3.2.    Ensemble algorithms
   XGBoost, CatBoost, and LightGBM are well-known gradient-boosting algorithms commonly
employed in machine learning tasks. As prominent ensemble gradient-boosting methods, they can
prove efficient in addressing regression challenges. Here is a general description of each of these
algorithms for regression tasks.
   XGBoost (eXtreme Gradient Boosting):
   XGBoost offers powerful capabilities for regression, providing high prediction accuracy. It uses
gradient boosting with an ensemble of decision trees. XGBoost has flexible parameters that allow for
model optimization and control over tree complexity. It also supports regularization to prevent
overfitting. XGBoost has built-in features for handling missing values and categorical features.
   CatBoost (Categorical Boosting):
   CatBoost is a gradient-boosting algorithm that effectively solves regression problems, considering
the characteristics of categorical features. It automatically handles categorical variables without the
need for prior encoding. CatBoost provides high prediction accuracy and offers capabilities for fine-
tuning the model.
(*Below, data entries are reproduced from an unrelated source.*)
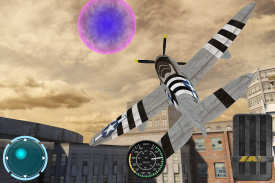 Air Stunt Plane Challenge 2015 screenshot 9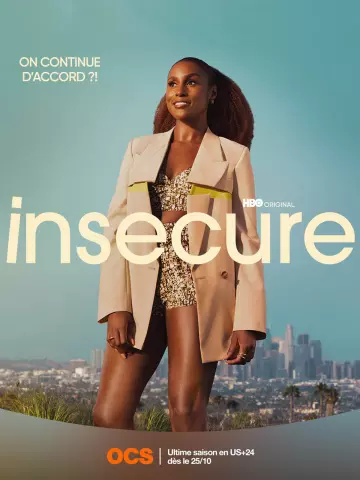 Insecure - Saison 5 - vf-hq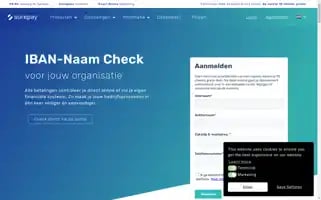 Surepay.nl Screenshot 2024-06-29 05:29:33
It supports regularization and automatic parameter selection, making the model
optimization process easier.
   LightGBM (Light Gradient Boosting Machine):
   LightGBM is a fast and efficient gradient-boosting algorithm that demonstrates excellent
performance in regression tasks. It uses optimized tree-building methods, including leaf-wise growth,
which leads to faster training speed and lower memory usage. LightGBM has built-in support for
categorical features and provides parameters for model optimization. It can handle large datasets and
achieve high prediction accuracy in regression tasks.
   In general, all three gradient boosting algorithms - XGBoost, CatBoost, and LightGBM - offer
powerful capabilities for solving regression problems. Here are some common characteristics of these
algorithms:
   High prediction accuracy: XGBoost, CatBoost, and LightGBM exhibit high prediction accuracy in
regression tasks. They can capture complex dependencies between input features and the target
variable, resulting in accurate predictions.
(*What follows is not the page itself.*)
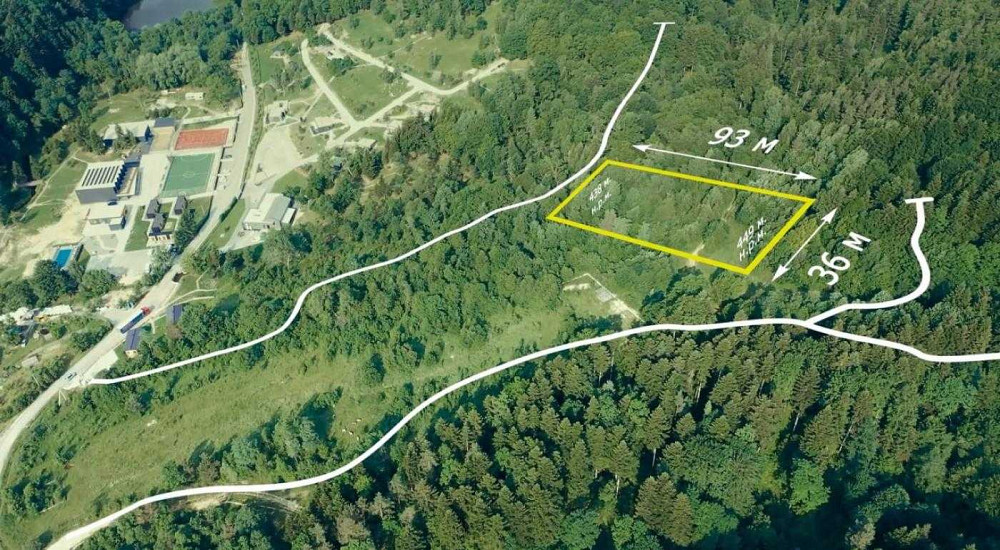 продажа участок под жилую застройку Борислав, 32000 $ Борислав - изображение 9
   Gradient boosting: All three algorithms are based on the gradient boosting method, which builds
an ensemble of weak models (decision trees) and combines them into a strong model. This improves
the predictive power and generalization ability of the model.
   Regularization: XGBoost, CatBoost, and LightGBM offer regularization methods to mitigate
overfitting. Regularization allows for controlling the complexity of the trees and prevents overfitting.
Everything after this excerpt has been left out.